• What the task asks:
Each line of the listing where the string "Work" appears is to be identified and copied.

• Data extracts:
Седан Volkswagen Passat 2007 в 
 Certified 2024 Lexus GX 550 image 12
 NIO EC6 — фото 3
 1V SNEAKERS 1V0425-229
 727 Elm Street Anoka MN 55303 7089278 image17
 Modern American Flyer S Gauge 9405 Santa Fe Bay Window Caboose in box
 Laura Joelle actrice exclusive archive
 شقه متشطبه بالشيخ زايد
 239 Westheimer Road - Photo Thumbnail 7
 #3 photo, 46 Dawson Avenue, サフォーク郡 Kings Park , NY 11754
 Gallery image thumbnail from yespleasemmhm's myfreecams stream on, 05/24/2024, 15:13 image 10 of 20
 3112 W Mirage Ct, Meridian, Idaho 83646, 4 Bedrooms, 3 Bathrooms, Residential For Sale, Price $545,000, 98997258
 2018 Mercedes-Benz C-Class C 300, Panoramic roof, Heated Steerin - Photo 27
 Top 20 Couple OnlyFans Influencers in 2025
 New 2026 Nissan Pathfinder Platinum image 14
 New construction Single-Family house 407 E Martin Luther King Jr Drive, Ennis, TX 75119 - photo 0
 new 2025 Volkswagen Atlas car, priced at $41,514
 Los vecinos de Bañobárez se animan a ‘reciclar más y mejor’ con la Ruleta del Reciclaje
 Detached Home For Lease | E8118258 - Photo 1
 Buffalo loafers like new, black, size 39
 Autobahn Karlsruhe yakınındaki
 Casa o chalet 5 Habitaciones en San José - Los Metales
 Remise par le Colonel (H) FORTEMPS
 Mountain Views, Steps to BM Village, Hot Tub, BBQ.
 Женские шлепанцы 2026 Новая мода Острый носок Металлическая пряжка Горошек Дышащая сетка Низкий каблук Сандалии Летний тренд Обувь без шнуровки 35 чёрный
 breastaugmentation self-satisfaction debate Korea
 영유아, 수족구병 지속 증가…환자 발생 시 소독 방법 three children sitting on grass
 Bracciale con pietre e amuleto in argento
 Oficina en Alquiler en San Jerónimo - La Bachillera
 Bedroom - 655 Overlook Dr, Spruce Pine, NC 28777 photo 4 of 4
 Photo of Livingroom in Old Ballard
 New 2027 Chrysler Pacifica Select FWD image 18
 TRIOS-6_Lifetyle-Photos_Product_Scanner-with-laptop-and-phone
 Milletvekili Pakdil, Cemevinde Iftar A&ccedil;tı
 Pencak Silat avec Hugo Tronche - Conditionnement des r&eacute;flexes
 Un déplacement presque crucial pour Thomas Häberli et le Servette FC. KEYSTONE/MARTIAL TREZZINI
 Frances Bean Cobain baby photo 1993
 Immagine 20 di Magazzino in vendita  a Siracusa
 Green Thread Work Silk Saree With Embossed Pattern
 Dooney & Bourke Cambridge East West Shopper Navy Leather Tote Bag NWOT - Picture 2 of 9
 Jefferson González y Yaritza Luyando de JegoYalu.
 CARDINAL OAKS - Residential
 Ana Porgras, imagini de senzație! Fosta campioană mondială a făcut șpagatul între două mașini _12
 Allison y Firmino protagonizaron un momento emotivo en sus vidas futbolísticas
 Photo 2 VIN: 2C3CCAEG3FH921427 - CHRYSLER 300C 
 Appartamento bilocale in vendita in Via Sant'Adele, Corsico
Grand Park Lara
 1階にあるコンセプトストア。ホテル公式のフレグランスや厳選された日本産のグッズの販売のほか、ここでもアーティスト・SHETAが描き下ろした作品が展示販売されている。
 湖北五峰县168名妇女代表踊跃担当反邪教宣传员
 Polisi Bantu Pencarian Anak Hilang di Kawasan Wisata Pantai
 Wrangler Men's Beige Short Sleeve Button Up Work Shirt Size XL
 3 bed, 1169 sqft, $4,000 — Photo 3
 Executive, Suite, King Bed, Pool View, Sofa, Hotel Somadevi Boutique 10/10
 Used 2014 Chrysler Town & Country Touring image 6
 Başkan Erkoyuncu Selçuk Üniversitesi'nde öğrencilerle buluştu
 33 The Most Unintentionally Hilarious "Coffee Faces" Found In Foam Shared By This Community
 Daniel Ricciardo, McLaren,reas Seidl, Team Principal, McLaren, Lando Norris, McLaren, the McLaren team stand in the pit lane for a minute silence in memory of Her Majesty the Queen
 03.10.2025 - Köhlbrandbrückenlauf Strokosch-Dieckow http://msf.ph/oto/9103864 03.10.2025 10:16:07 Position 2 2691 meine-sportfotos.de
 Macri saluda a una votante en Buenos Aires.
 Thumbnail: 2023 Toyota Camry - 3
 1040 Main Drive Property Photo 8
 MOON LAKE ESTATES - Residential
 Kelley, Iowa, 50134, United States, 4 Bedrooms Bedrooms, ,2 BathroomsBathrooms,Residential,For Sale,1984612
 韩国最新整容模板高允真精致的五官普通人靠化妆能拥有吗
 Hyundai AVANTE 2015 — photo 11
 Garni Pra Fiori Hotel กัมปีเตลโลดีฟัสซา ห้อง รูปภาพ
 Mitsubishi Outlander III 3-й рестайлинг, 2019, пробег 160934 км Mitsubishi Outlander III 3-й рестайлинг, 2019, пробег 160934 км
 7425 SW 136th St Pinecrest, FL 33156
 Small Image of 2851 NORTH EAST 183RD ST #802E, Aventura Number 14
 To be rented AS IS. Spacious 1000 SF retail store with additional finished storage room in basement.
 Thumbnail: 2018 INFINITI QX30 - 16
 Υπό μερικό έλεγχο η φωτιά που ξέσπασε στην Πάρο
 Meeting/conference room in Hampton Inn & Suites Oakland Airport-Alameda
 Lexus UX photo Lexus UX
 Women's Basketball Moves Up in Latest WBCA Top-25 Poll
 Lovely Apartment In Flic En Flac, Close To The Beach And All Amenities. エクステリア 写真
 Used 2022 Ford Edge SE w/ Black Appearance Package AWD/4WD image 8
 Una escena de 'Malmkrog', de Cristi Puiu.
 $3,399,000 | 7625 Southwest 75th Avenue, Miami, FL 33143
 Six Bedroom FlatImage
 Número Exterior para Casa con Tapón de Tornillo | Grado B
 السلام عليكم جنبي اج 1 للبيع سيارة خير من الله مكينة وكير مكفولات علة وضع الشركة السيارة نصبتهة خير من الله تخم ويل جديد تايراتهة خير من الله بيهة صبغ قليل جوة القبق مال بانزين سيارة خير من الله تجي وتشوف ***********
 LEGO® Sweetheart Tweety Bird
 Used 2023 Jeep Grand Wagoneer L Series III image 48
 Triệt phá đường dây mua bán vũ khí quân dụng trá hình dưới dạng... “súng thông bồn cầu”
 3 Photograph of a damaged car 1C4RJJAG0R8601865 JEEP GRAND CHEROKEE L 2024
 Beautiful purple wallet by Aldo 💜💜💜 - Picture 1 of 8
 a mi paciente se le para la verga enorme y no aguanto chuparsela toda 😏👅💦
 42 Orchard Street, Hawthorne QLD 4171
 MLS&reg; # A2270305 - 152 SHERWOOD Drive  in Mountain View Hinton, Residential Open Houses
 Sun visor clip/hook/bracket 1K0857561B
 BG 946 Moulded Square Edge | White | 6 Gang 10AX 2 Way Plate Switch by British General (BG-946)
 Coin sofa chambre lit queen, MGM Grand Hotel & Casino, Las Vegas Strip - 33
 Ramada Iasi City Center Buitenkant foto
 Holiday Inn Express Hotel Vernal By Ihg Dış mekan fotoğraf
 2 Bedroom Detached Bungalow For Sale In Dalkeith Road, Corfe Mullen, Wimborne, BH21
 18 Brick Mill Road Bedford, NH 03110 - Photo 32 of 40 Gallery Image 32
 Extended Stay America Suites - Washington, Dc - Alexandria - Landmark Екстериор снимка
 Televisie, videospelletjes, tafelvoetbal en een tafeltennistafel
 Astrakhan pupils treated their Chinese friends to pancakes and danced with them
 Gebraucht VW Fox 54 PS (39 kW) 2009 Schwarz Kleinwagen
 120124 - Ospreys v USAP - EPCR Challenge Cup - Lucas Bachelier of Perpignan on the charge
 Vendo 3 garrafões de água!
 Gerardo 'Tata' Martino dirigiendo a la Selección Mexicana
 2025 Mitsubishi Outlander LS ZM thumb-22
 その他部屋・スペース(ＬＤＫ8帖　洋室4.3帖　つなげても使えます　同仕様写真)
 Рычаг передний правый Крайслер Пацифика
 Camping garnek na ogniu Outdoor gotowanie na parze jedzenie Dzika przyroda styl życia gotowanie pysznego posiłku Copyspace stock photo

• Task output:
 Green Thread Work Silk Saree With Embossed Pattern
 Wrangler Men's Beige Short Sleeve Button Up Work Shirt Size XL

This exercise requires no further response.